*** WORKING DATA Section Begins ***
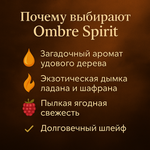 Ombre Spirit парфюм от Le Mon Cher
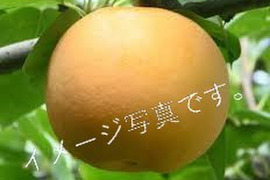 第2弾！先行予約！長野県産【秋月】あきづき 赤梨。７〜１１玉。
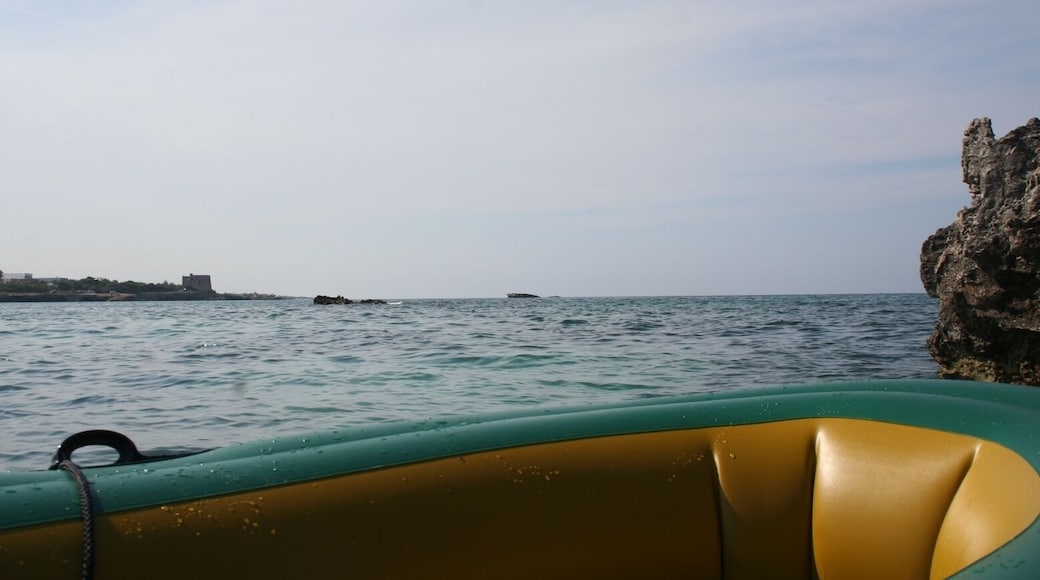 torre specchia rocce emerse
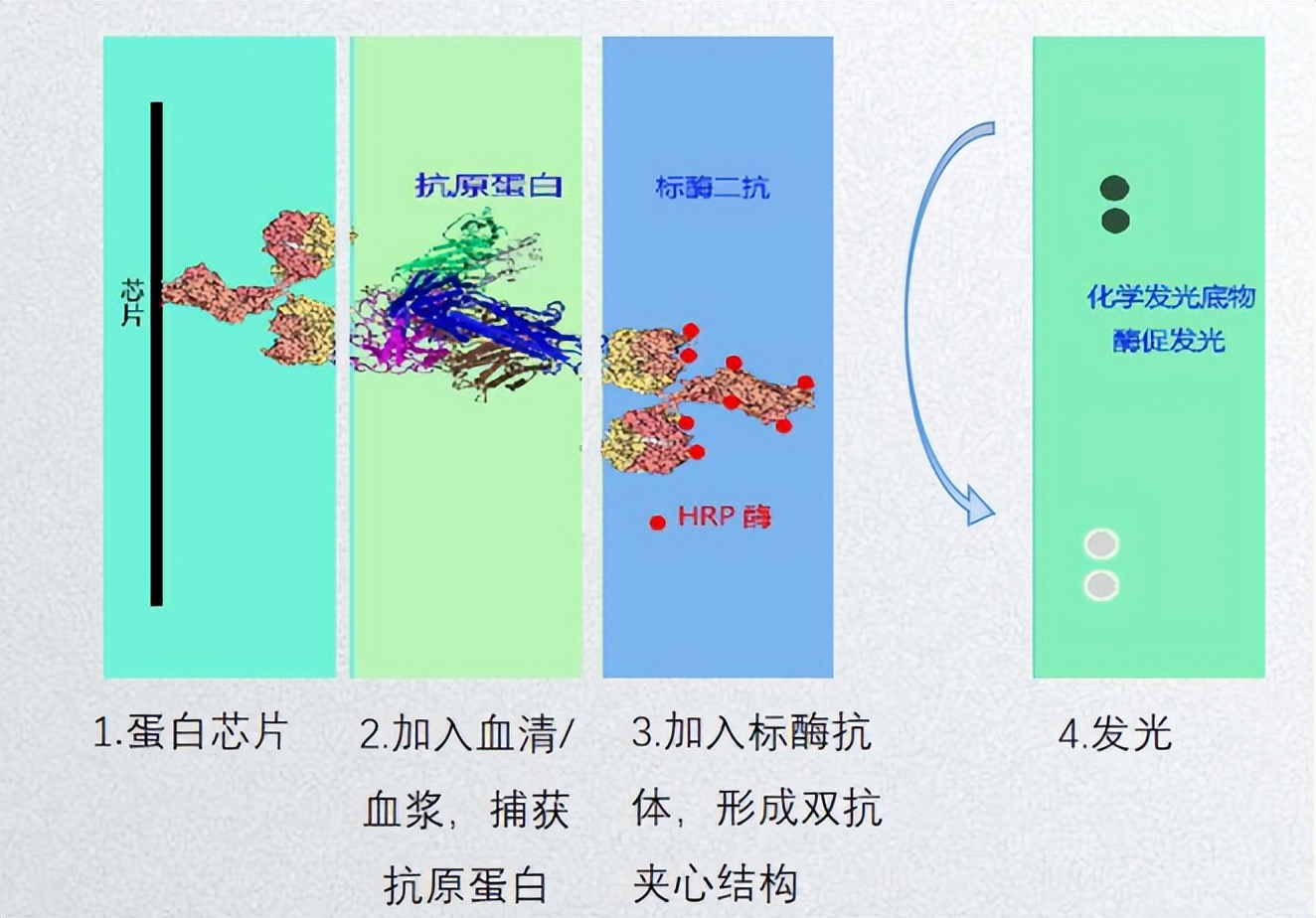 蛋白质芯片行业前景,蛋白质芯片技术原理及应用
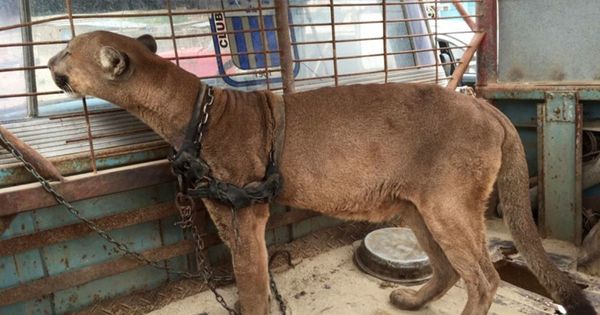 Circus Lion Finds Freedom After 20 Years in Captivity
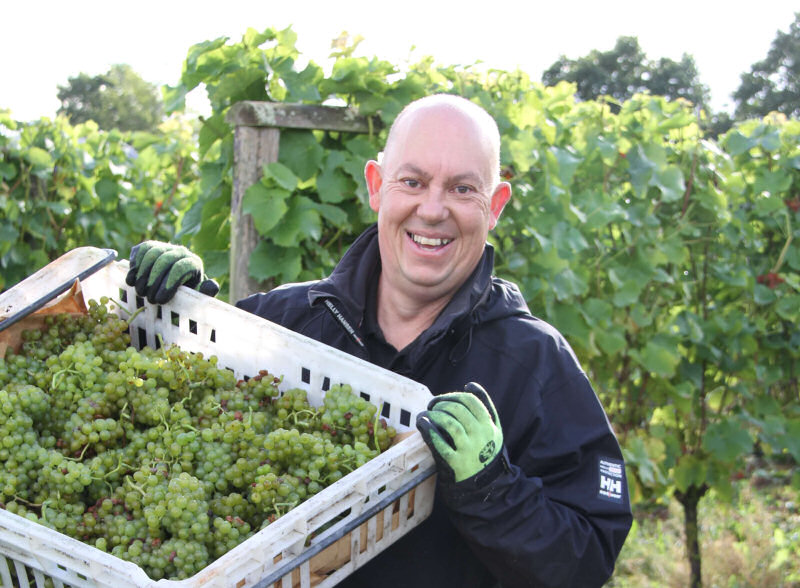 Andrew Longman, Vineyard Supervisor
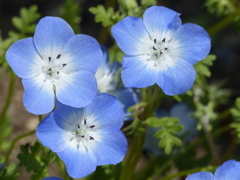 春の花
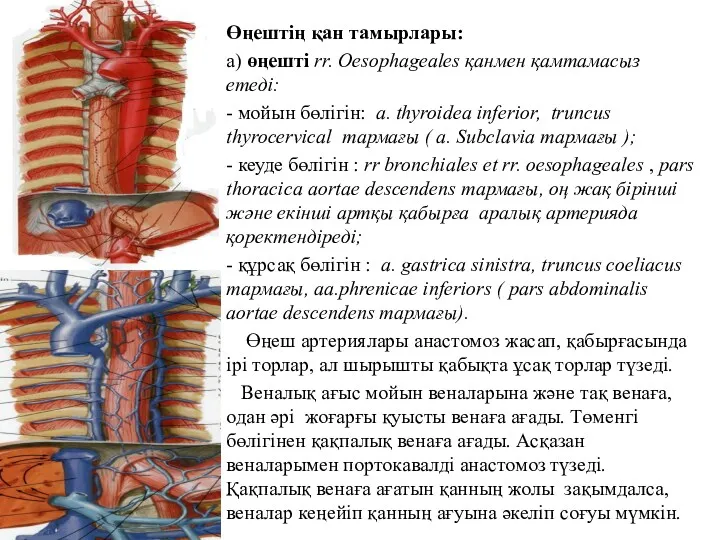 Өңештің қан тамырлары: а) өңешті rr. Oesophageales қанмен қамтамасыз етеді:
*** WORKING DATA Section Ends ***
→ **TASK PROMPT**
Once the line with "第2弾！先行予約！長野県産【秋月】あきづき 赤梨。７〜１１玉。" is found, output it and every line after it through the end of the listing, exactly, without pictures.

→ **RESULT OF THE EXERCISE**
 第2弾！先行予約！長野県産【秋月】あきづき 赤梨。７〜１１玉。
 torre specchia rocce emerse
 蛋白质芯片行业前景,蛋白质芯片技术原理及应用
 Circus Lion Finds Freedom After 20 Years in Captivity
 Andrew Longman, Vineyard Supervisor
 春の花
 Өңештің қан тамырлары: а) өңешті rr. Oesophageales қанмен қамтамасыз етеді:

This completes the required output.